Per rispondere a questa domanda bisogna verificare se e quanto le quotazioni dei bond societari sono state influenzate dai saliscendi dello spread. I numeri per il momento sono rassicuranti. Il mercato ha finora risentito relativamente della volatilità dei titoli di Stato. È il caso soprattutto dei corporate bond emessi da società non finanziarie e dei bond bancari senior.
A soffrire sono state invece le obbligazioni subordinate emesse dalle banche. Al pari delle azioni questi titoli hanno risentito dei timori di un' erosione del patrimonio degli istituti derivante dal deprezzamento dei BTp, di cui le banche italiane sono importanti sottoscrittori. «Secondo i nostri calcoli - spiega Angelo Dipasquale, Co-Head della divisione reddito fisso di Equita - un rialzo dello spread di 100 punti comporta una riduzione del Common Equity (il capitale di vigilanza delle banche ndr.) di circa 38 punti base.

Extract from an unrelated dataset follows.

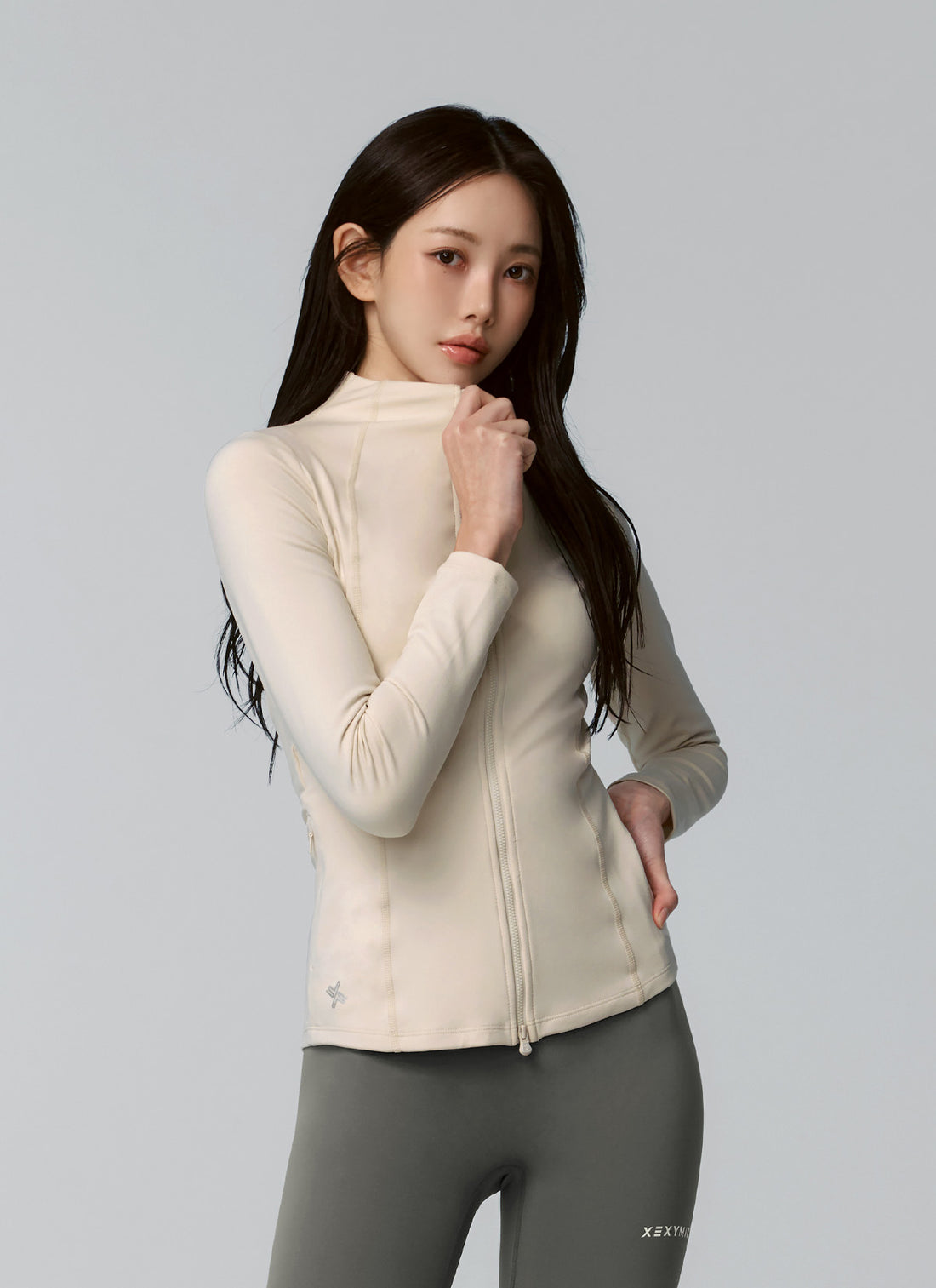 XELLA Intention Slim Fit Zip-up Jacket - Swan Beige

È per via di questa erosione del patrimonio che i titoli subordinati risentono della volatilità sui titoli di Stato e potrebbero essere più difficili da emettere». Discorso diverso vale per il segmento delle obbligazioni corporate. «In questo caso - spiega Dipasquale - la correlazione con il rischio sovrano è più contenuta. Specialmente nel caso dei titoli con rating investment grade che hanno beneficiato e continueranno a beneficiare degli acquisti della Bce nell' ambito del Qe.
Le aziende ad alto rating hanno approfittato ampiamente del contesto di mercato positivo creato dalla politica monetaria della Bce rifinanziandosi a costi irrisori e allungando la scadenza media del debito». Nel 2017 - calcola Dealogic - c' è stato il record di emissioni con oltre 45 miliardi di titoli corporate collocati.
Secondo Axel Botte, strategist di Ostrum Asset Management, non bisogna sottovalutare i rischi connessi al possibile taglio del rating dell' Italia: «Aspettiamo ancora i dettagli della legge di bilancio ma da quello che è stato reso noto finora non mi stupirebbe che Moody' s tagliasse il rating sovrano e rivedesse al ribasso l' outlook sull' Italia.
Ci aspettiamo una bocciatura anche da S&P. A quel punto si dovrebbe rivedere al ribasso il merito di credito delle banche e alcuni istituti di medie dimensioni che hanno un rating appena sopra il livello "investment grade" potrebbero scendere a quota "junk".
Uno scatto che inevitabilmente comporterà un rincaro dei costi di rifinanziamento del debito». Senza contare i fabbisogni aggiuntivi di emissioni legati ai nuovi requisiti Mrel. Secondo il gestore in questa fase chi ha meno da perdere sono i titoli "high yield" a basso rating che potrebbero reggere meglio l' impatto del deterioramento del rischio sovrano.